Cette deuxième semaine n’a pas permis à Roglic de creuser les écarts mais il a eu le mérite d’éliminer deux prétendants à la victoire finale : Quintana et Bernal. La troisième semaine s’annonce est très dure et c’est le leader le mieux entouré qui va tirer son épingle du jeu. La Jumbo semble nettement au dessus des autres mais attention à Pogacar qui ne fait aucun complexe. Avantage Roglic avec le contre la montre à la Planche des Belles Filles la veille de l’arrivée à Paris. L’étape du Col de la Loze va être l’occasion de l’attaquer, à moins que son équipe arrive une nouvelle à étouffer les favoris.
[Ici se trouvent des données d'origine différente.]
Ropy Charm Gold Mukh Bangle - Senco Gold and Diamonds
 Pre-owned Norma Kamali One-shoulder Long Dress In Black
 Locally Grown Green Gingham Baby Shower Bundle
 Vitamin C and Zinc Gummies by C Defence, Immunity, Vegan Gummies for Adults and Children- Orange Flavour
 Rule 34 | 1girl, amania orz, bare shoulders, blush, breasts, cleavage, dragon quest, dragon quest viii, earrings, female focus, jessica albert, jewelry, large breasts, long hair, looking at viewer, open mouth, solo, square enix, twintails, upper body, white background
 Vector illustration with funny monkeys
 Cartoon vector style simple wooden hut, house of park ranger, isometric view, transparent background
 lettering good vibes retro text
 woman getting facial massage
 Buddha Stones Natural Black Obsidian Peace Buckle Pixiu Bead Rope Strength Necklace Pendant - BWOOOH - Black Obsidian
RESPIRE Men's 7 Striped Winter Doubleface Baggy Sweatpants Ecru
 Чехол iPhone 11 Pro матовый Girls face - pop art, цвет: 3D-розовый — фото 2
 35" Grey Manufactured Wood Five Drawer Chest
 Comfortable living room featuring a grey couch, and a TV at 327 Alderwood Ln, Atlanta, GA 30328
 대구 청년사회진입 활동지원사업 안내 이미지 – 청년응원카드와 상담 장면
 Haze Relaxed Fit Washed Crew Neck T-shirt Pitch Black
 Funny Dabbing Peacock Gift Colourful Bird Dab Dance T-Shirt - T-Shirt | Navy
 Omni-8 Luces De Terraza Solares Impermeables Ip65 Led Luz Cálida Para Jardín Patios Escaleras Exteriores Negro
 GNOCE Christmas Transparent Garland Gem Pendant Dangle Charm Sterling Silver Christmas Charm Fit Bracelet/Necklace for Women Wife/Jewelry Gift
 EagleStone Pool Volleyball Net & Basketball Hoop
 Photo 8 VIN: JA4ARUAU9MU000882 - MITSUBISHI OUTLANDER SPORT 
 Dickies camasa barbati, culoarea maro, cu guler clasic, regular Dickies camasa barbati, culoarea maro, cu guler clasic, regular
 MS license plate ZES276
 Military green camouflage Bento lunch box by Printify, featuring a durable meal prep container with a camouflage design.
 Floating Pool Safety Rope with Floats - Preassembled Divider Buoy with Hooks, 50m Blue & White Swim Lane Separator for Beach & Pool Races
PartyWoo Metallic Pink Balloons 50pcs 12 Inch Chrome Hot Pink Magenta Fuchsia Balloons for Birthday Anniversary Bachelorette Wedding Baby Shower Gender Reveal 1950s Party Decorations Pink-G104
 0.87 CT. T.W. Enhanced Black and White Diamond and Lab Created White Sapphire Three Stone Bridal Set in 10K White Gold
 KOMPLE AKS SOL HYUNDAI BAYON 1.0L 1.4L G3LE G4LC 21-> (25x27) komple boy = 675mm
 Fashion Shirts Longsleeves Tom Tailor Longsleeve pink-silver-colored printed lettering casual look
La course au maillot à poids va être intense et celle du maillot vert également. L’Irlandais Sam Bennett va t’il réussir à passer les Alpes ? Un Français va t’il arriver en maillot à poids à Paris ? Rendez-vous dimanche pour le verdict finale en espérant du spectacle d’ici la et pourquoi pas une nouvelle échappée de Marc Hirschi, le héros Suisse, révélation de ce Tour.